A scuba diver's tank contains .25 kg of oxygen compressed into a volume of 4.3 L (for oxygen, 32g = 1 mole)
Calculate the gas pressure inside the tank at 9 degrees Celsius
What volume would this occupy at 26 degrees Celsius and .95 atmospheres?
can someone tell me how many moles i need and what other formula do i use?
moles O2 = grams/molar mass.
Then PV = nRT, substitute and solve for P for the first part.
Use PV = nRT for the second part and solve for P.
I would use PV = nRT for the third part.
To calculate the gas pressure inside the tank, you can use the ideal gas law equation:
PV = nRT
where:
P = pressure
V = volume
n = number of moles
R = ideal gas constant
T = temperature (in Kelvin)
To find the number of moles of oxygen in the tank, you need to divide its mass by the molar mass of oxygen.
Given:
Mass of oxygen = 0.25 kg
Molar mass of oxygen = 32 g/mol
First, we need to convert the mass of oxygen from kg to g:
0.25 kg = 250 g
Next, we can calculate the number of moles of oxygen:
Number of moles (n) = Mass / Molar mass
n = 250 g / 32 g/mol = 7.8125 mol
Now, we have the number of moles of oxygen.
To calculate the gas pressure at 9 degrees Celsius, we need to convert the temperature to Kelvin.

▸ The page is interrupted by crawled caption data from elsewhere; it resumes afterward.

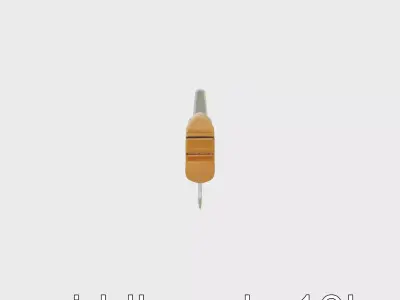 Steel Ice Axe Classic Model Pack Low-poly 3D model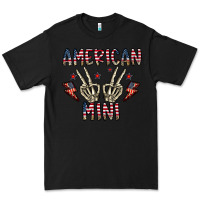 Black american mini Premium Tee - CowhideDigitalArt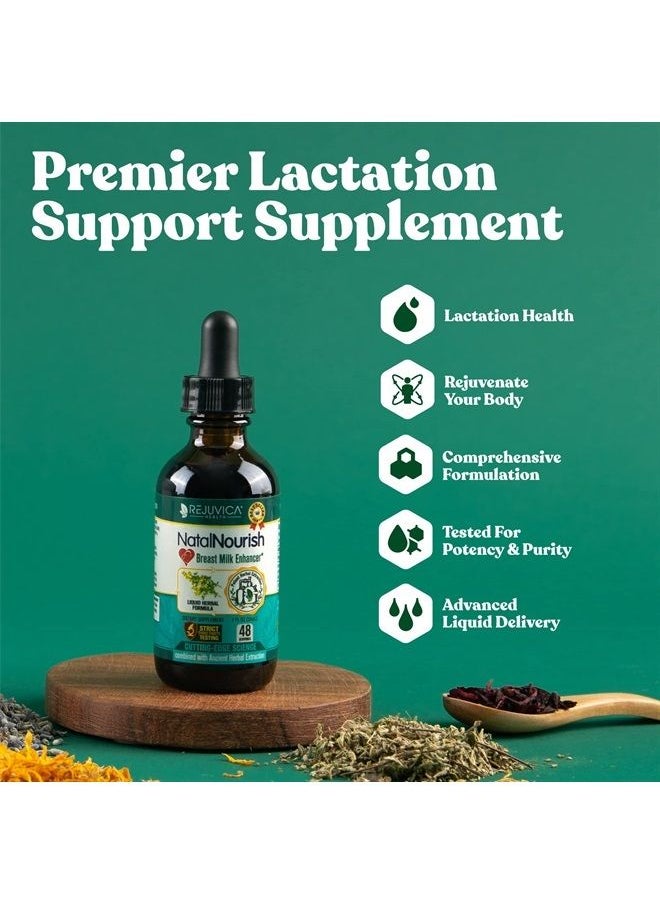 Rejuvica Health NatalNourish - Advanced Lactation Support Supplement - Liquid Delivery for Better Absorption - Fenugreek, Blessed Thistle, Anise, Fennel & More!  - Image 2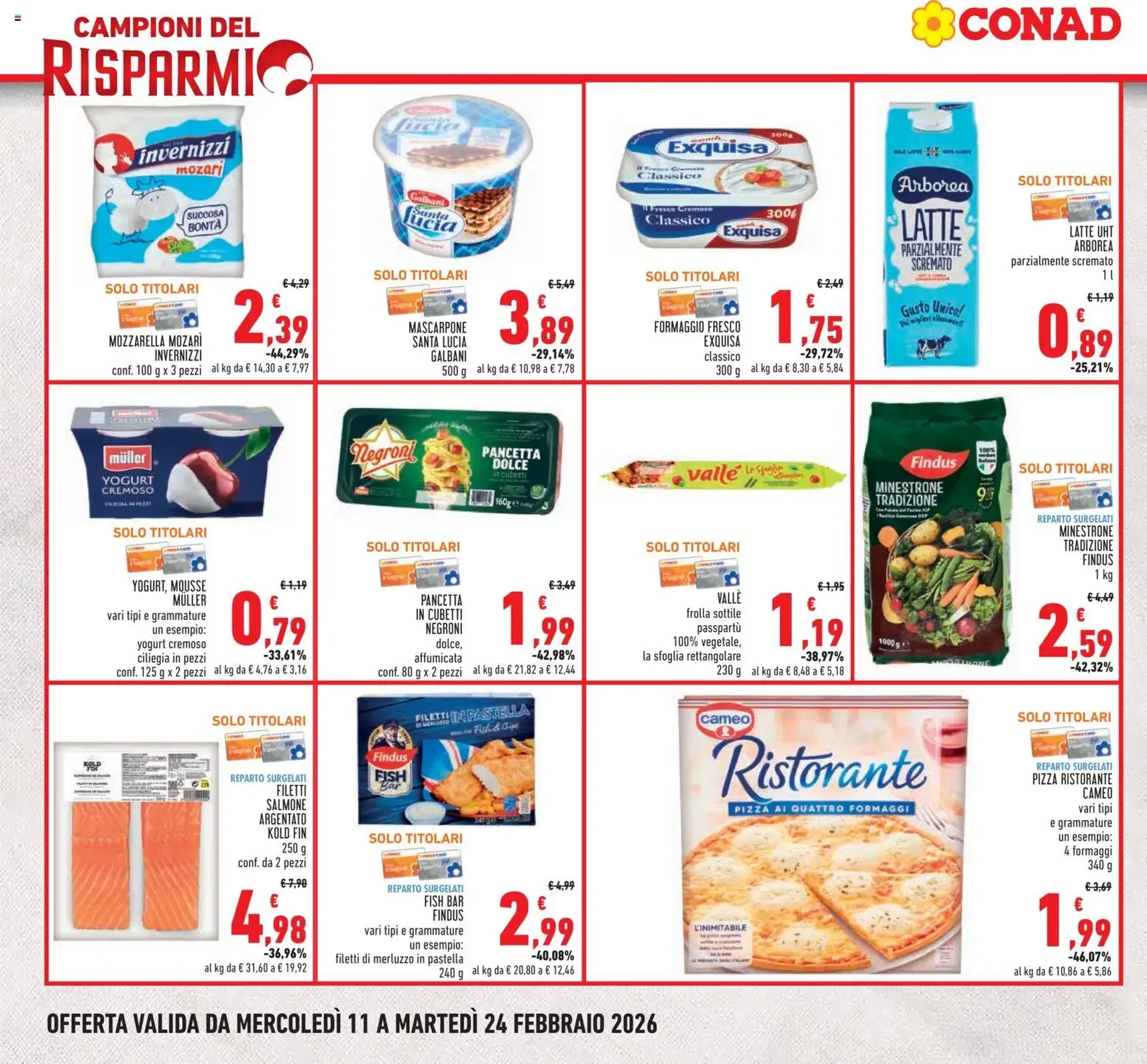 Volantino Conad - volantino valido dal 11/02/2026 pagina 2 di 24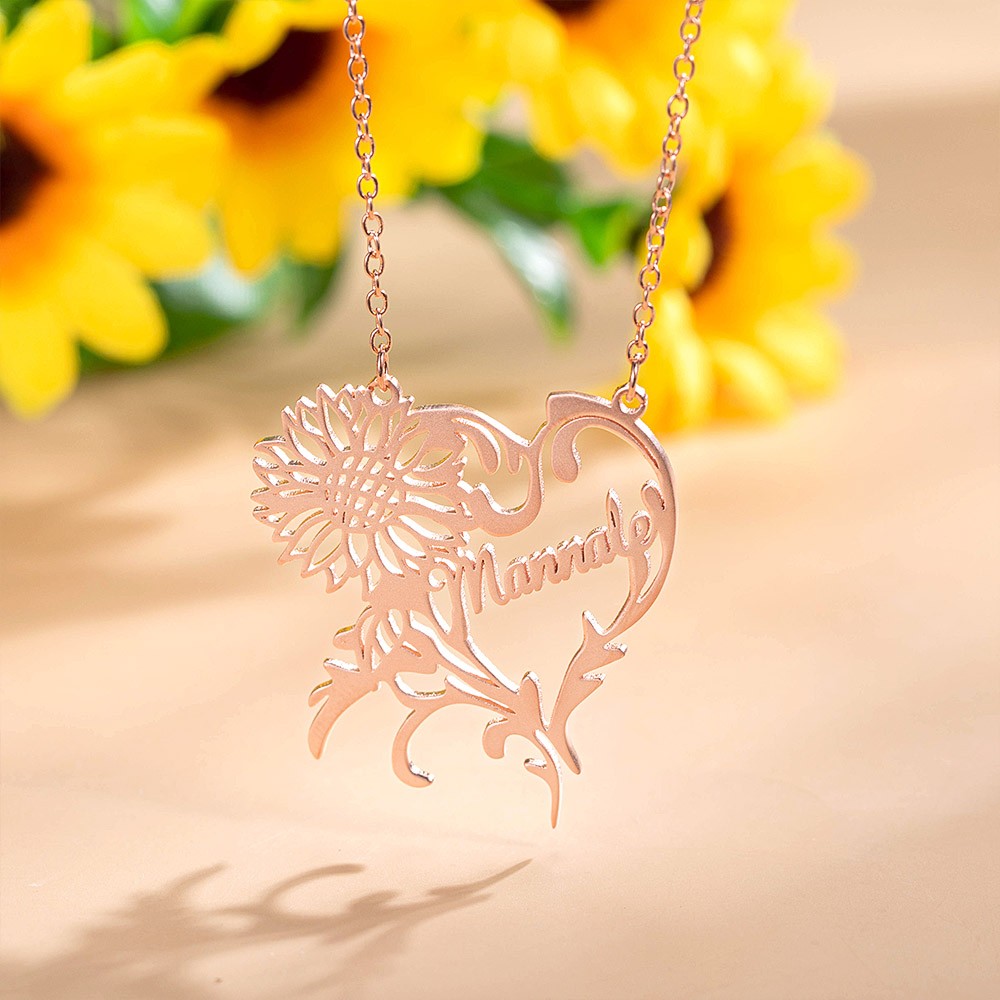 Birth Flower Necklace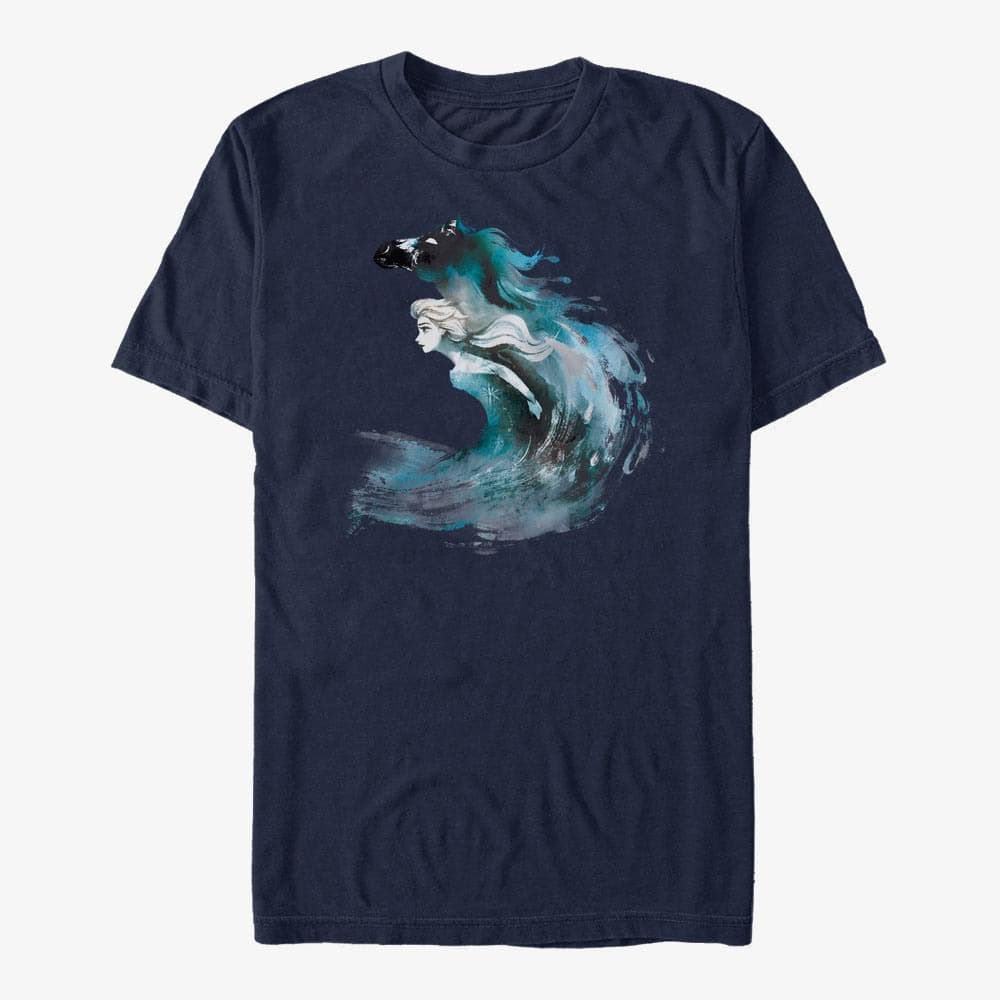 T-shirts Merch Disney Frozen 2 - Watercolor Spirit Unisex T-Shirt Navy Blue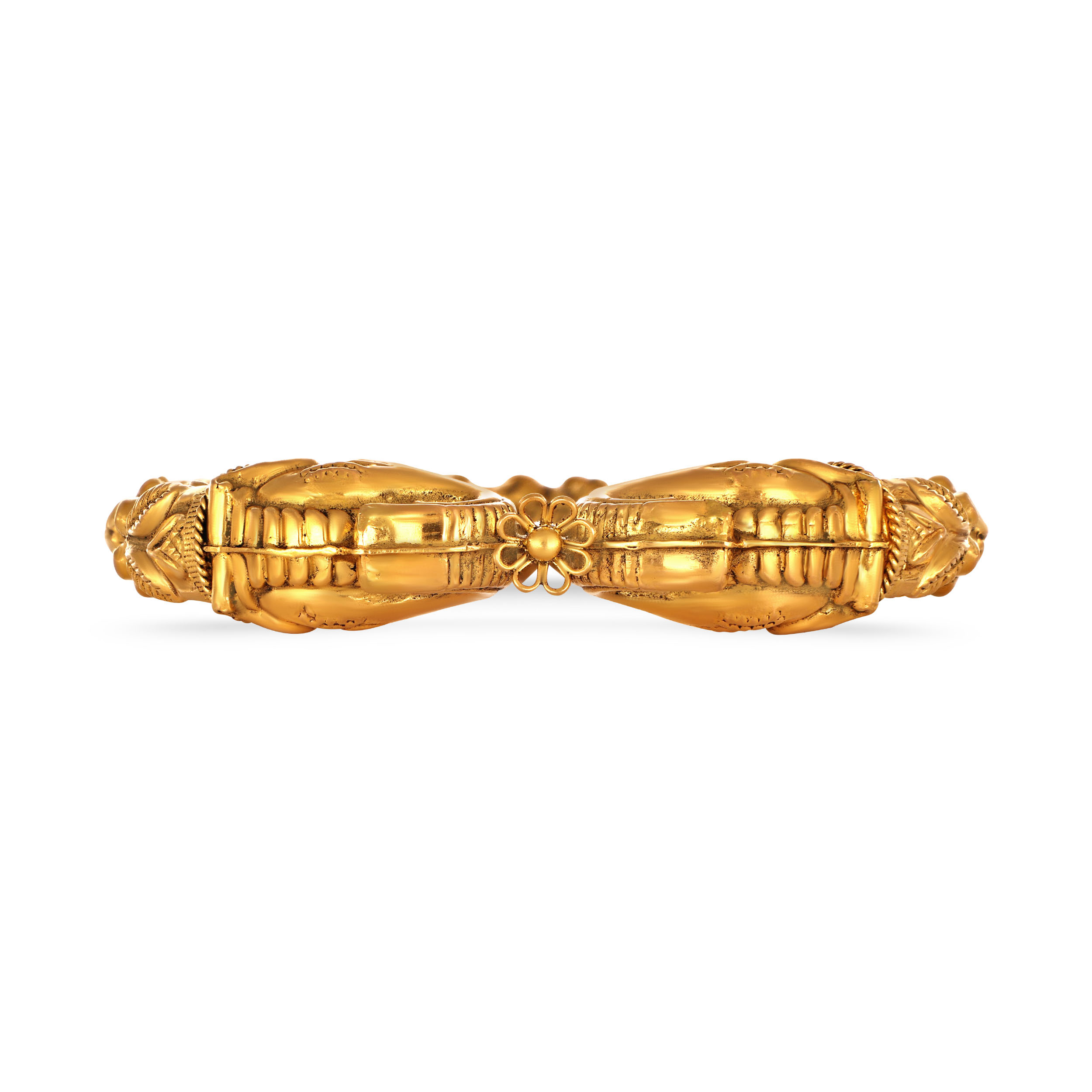 Heritage Tusker Mukh Gold Bangle - Senco Gold and Diamonds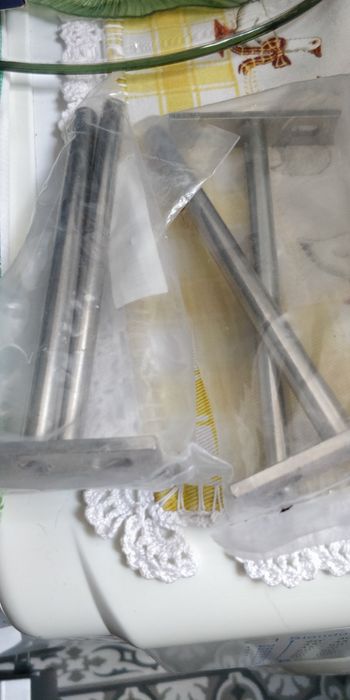 Suporte para prateleiras em aço inoxidável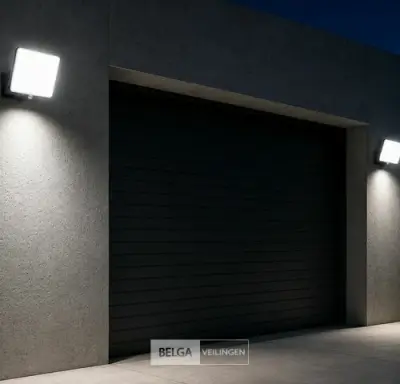 10 x LED Frameless Floodlight 100W – 6400K Koud Wit – IP66 – PEGASUS-100 – kavel bij Belga Veilingen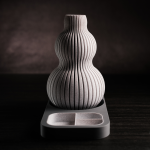 Nimbus Vase – Elegante Designvase mit weicher, fließender Struktur
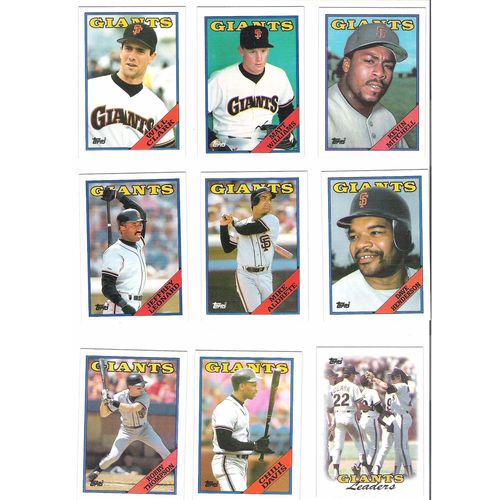  1990 Fleer with Update San Francisco Giants Team Set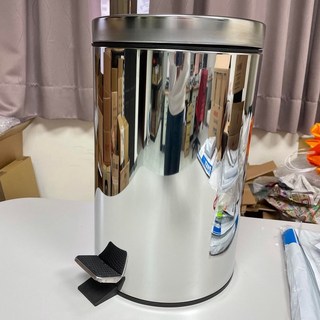 台灣製 腳踏式有蓋不鏽鋼垃圾桶 MY-928-1 回收桶, 1個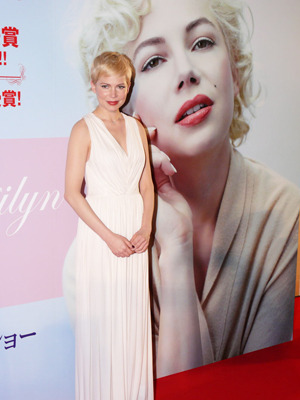 『マリリン　7日間の恋』ミシェル・ウィリアムズ来日＠ジャパンプレミア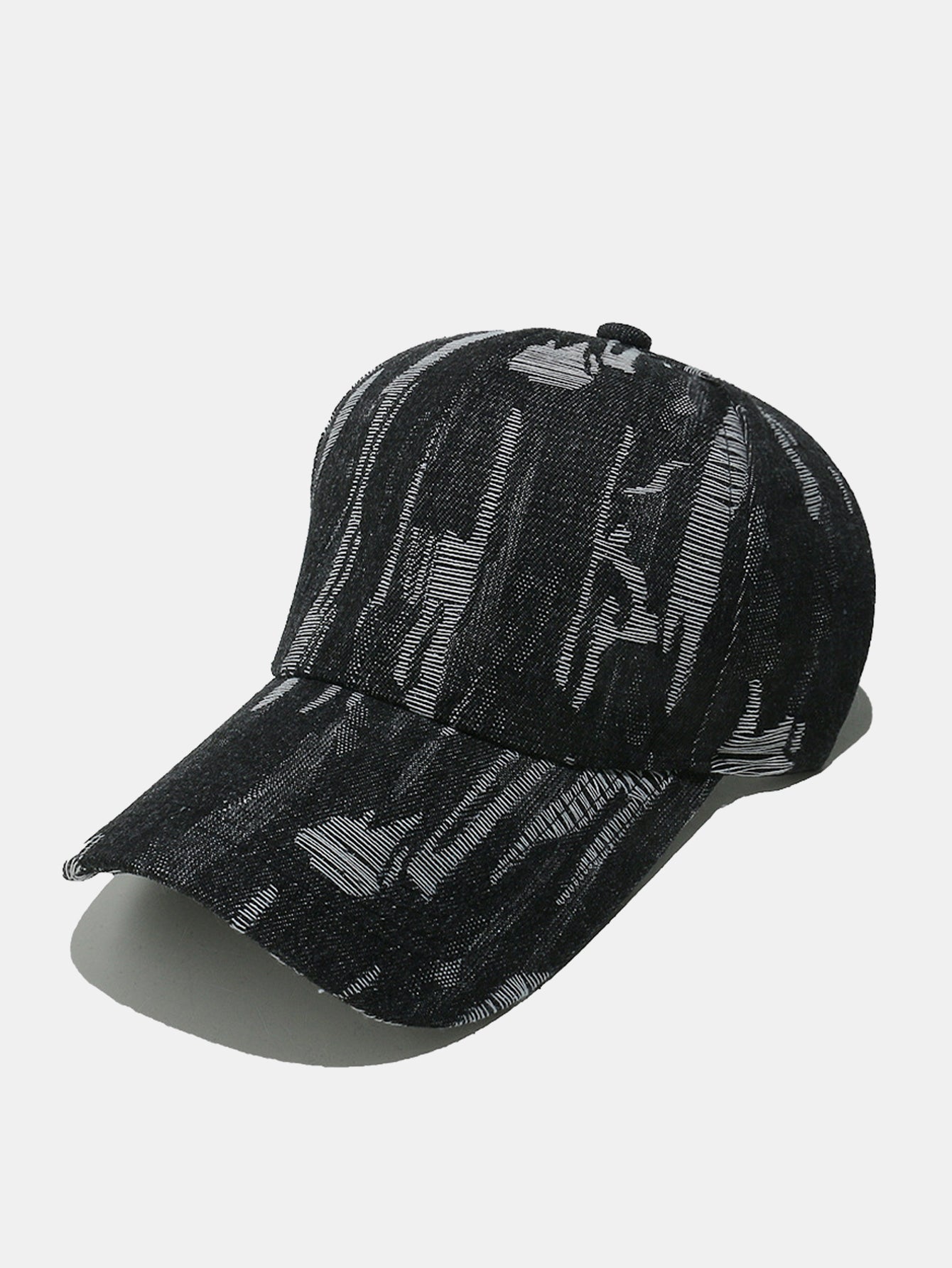 Vintage Distressed Denim Baseball Cap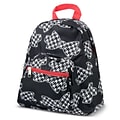 Zodaca Bright Stylish Kids Small Backpack Outdoor Shoulder School Zipper Bag Adjustable Strap - Hounds tooth Bow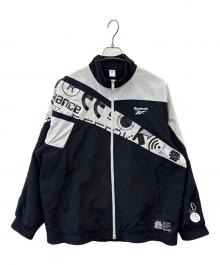 REEBOK×THE BLACK EYE PATCH（リーボック×ブラックアイパッチ）の古着「REEBOK × THE BLACK EYE PATCH　ジャケット」｜ブラック×ホワイト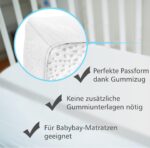 WhizProducts Wasserdichtes Spannbettlaken 89x50 cm – Matratzenschoner für Babybay Betten – Bild 6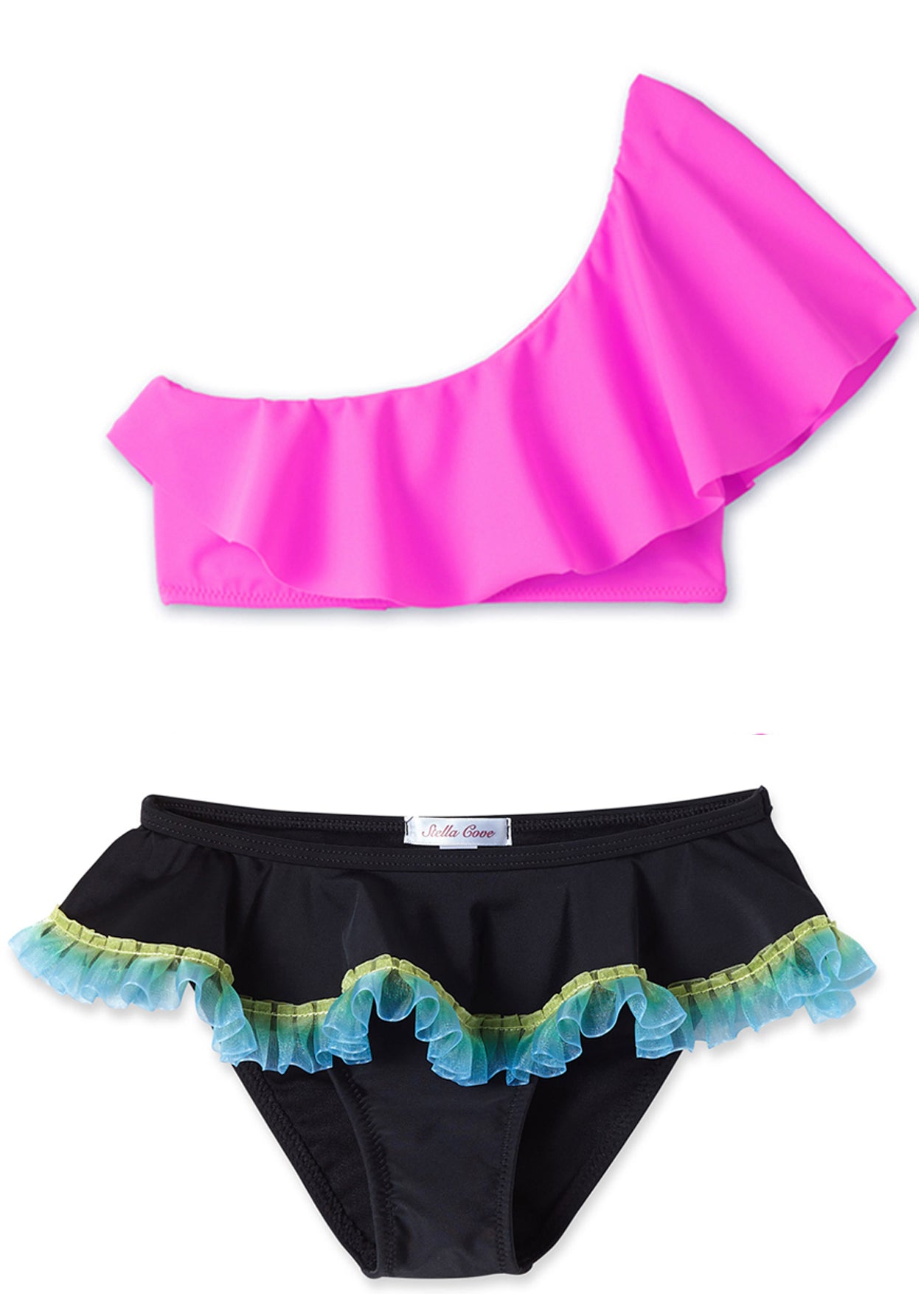 bikini for girls, beachwear for girls, pink swimwear for girls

Use the formula:
T(K) = T(°C) + 273.15
Given:
Temperature (T) = 9 °C
Convert temperature to Kelvin:
T(K) = 9 + 273.15 = 282.15 K
Now, we can substitute the values into the ideal gas law equation:
PV = nRT
P * 4.3 L = 7.8125 mol * R * 282.15 K
To find the gas pressure (P), we need to know the value of the ideal gas constant (R), which is 0.0821 L·atm/(mol·K).
P * 4.3 L = 7.8125 mol * 0.0821 L·atm/(mol·K) * 282.15 K
Simplifying the equation, we can solve for P:
P = (7.8125 mol * 0.0821 L·atm/(mol·K) * 282.15 K) / 4.3 L
Calculating the equation will give you the gas pressure inside the tank at 9 degrees Celsius.
To find the volume of the gas at 26 degrees Celsius and 0.95 atmospheres, we can use the ideal gas law equation:
PV = nRT
Given:
Temperature (T) = 26 °C
Pressure (P) = 0.95 atm
First, we need to convert the temperature to Kelvin:
T(K) = 26 + 273.15 = 299.15 K
Now, we can substitute the values into the ideal gas law equation:
P1 * V1 = n * R * T1
Using the subscript "1" to represent the initial conditions inside the tank.
To find the volume at the new conditions, we need to rearrange the equation:
V2 = (n * R * T2) / P2
V2 = (7.8125 mol * 0.0821 L·atm/(mol·K) * 299.15 K) / 0.95 atm
Calculating the equation will give you the volume of the gas at 26 degrees Celsius and 0.95 atmospheres.